Short web captions:
[Start of Attachment]
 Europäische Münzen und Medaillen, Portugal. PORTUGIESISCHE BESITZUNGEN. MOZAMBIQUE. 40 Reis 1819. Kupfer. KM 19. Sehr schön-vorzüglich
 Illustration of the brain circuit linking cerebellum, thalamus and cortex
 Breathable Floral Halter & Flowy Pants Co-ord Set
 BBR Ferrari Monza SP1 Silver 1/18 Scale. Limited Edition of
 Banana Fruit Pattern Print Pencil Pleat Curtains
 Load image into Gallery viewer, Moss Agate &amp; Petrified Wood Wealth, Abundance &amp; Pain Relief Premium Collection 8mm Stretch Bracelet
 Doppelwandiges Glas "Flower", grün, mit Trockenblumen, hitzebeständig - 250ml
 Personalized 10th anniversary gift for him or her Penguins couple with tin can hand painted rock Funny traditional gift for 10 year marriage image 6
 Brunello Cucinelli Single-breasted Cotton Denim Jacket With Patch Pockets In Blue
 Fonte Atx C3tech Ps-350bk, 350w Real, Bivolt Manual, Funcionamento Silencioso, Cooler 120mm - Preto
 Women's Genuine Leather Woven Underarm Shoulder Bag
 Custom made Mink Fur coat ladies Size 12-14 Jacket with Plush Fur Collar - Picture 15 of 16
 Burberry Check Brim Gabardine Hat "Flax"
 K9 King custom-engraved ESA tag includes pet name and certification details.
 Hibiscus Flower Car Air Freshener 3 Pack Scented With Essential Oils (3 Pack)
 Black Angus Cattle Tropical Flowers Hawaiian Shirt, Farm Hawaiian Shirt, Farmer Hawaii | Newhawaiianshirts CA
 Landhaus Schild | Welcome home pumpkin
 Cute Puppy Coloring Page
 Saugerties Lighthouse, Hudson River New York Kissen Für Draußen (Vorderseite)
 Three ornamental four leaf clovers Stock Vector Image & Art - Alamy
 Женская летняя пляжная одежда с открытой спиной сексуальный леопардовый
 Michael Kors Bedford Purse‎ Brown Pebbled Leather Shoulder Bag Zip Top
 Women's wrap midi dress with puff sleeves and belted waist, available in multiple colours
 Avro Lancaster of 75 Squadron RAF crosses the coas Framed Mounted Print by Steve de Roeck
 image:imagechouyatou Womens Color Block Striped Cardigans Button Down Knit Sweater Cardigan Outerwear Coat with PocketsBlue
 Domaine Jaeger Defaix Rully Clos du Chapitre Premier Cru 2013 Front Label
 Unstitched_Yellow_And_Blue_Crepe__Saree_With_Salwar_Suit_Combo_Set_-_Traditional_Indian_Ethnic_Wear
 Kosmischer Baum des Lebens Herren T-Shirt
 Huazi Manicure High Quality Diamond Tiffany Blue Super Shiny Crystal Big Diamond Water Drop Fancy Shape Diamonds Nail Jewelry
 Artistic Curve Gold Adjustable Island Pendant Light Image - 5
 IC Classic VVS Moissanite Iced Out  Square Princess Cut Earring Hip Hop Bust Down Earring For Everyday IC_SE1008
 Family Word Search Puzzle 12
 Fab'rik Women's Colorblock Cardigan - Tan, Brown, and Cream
[End of Attachment]
Set the data down again in full, exactly as given.

Written response:
 Europäische Münzen und Medaillen, Portugal. PORTUGIESISCHE BESITZUNGEN. MOZAMBIQUE. 40 Reis 1819. Kupfer. KM 19. Sehr schön-vorzüglich
 Illustration of the brain circuit linking cerebellum, thalamus and cortex
 Breathable Floral Halter & Flowy Pants Co-ord Set
 BBR Ferrari Monza SP1 Silver 1/18 Scale. Limited Edition of
 Banana Fruit Pattern Print Pencil Pleat Curtains
 Load image into Gallery viewer, Moss Agate &amp; Petrified Wood Wealth, Abundance &amp; Pain Relief Premium Collection 8mm Stretch Bracelet
 Doppelwandiges Glas "Flower", grün, mit Trockenblumen, hitzebeständig - 250ml
 Personalized 10th anniversary gift for him or her Penguins couple with tin can hand painted rock Funny traditional gift for 10 year marriage image 6
 Brunello Cucinelli Single-breasted Cotton Denim Jacket With Patch Pockets In Blue
 Fonte Atx C3tech Ps-350bk, 350w Real, Bivolt Manual, Funcionamento Silencioso, Cooler 120mm - Preto
 Women's Genuine Leather Woven Underarm Shoulder Bag
 Custom made Mink Fur coat ladies Size 12-14 Jacket with Plush Fur Collar - Picture 15 of 16
 Burberry Check Brim Gabardine Hat "Flax"
 K9 King custom-engraved ESA tag includes pet name and certification details.
 Hibiscus Flower Car Air Freshener 3 Pack Scented With Essential Oils (3 Pack)
 Black Angus Cattle Tropical Flowers Hawaiian Shirt, Farm Hawaiian Shirt, Farmer Hawaii | Newhawaiianshirts CA
 Landhaus Schild | Welcome home pumpkin
 Cute Puppy Coloring Page
 Saugerties Lighthouse, Hudson River New York Kissen Für Draußen (Vorderseite)
 Three ornamental four leaf clovers Stock Vector Image & Art - Alamy
 Женская летняя пляжная одежда с открытой спиной сексуальный леопардовый
 Michael Kors Bedford Purse‎ Brown Pebbled Leather Shoulder Bag Zip Top
 Women's wrap midi dress with puff sleeves and belted waist, available in multiple colours
 Avro Lancaster of 75 Squadron RAF crosses the coas Framed Mounted Print by Steve de Roeck
 image:imagechouyatou Womens Color Block Striped Cardigans Button Down Knit Sweater Cardigan Outerwear Coat with PocketsBlue
 Domaine Jaeger Defaix Rully Clos du Chapitre Premier Cru 2013 Front Label
 Unstitched_Yellow_And_Blue_Crepe__Saree_With_Salwar_Suit_Combo_Set_-_Traditional_Indian_Ethnic_Wear
 Kosmischer Baum des Lebens Herren T-Shirt
 Huazi Manicure High Quality Diamond Tiffany Blue Super Shiny Crystal Big Diamond Water Drop Fancy Shape Diamonds Nail Jewelry
 Artistic Curve Gold Adjustable Island Pendant Light Image - 5
 IC Classic VVS Moissanite Iced Out  Square Princess Cut Earring Hip Hop Bust Down Earring For Everyday IC_SE1008
 Family Word Search Puzzle 12
 Fab'rik Women's Colorblock Cardigan - Tan, Brown, and Cream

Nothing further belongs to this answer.